What is a Hijab?

Saturday is a day to celebrate unity through diversity on World Hijab Day


Mawaddah Aminou, staff writer

Following the tragic events that happened on 9/11, many Muslims faced lots of backlash and hate for a crime they didn’t commit. Though the events affected everyone, Muslims got a lot of hate, especially the women, who were targeted because of their hijab. One New Yorker decided it was time to take a stand and now, February 1 is World Hijab Day. 

Growing up in the Bronx, Nazma Khan, World Hijab Day’s founder, had already experienced lots of discrimination for wresrung her hijab. That discrimination heightened after 9/11.
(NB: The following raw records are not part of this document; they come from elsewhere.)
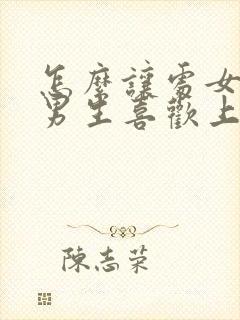 怎么让处女座的男生喜欢上自己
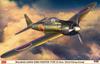 Hasegawa Mitsubishi A6M5b Zero Type 653rd Air Plastic Model Kit 08259 1/32 Fighter, 52, Group,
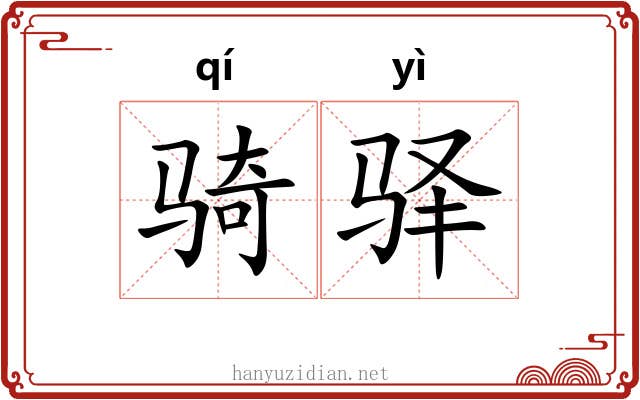 骑驿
 She started getting called Osama bin Laden and terrorist. She decided that the only way to combat this hate and to express her right to wear her hijab was to ask other women around the world to ban together and support her cause. She got responses from 67 different countries within eight days, all from different religious backgrounds (Muslims, Christians, Buddhists, etc.).

The first World Hijab Day was Feb. 1, 2013 and has been celebrated every year since.

“Hijab” means “curtain” or “partition,” not “headscarf.” The Koran uses forms of the words “khimar” and “jilbab,” but not “hijab,” when describing women’s dress. “Khimar” means “cover” and corresponds to what we would call a scarf; “jilbab” is an outer garment.

“Hijab” has become a common way of describing a Muslim woman’s head covering, but sharia rules on modesty are about more than covering one’s hair — they deal with a range of attire and conduct, applicable to both men and women, intended to protect interactions between men and women from sexual innuendo.

 It’s not necessarily offensive to use “hijab” as a synonym for “headscarf.” (It’s a lot closer than other terms, as long as you say “wearing hijab” rather than “wearing a/the hijab.”) But either way, fixating on one piece of cloth misses the point of sharia’s holistic rules for modest behavior.

Innocent women get targeted just for wearing hijab. World Hijab Day’s mission is to fight the bigotry and discrimination that Muslim women who wear the hijab experience.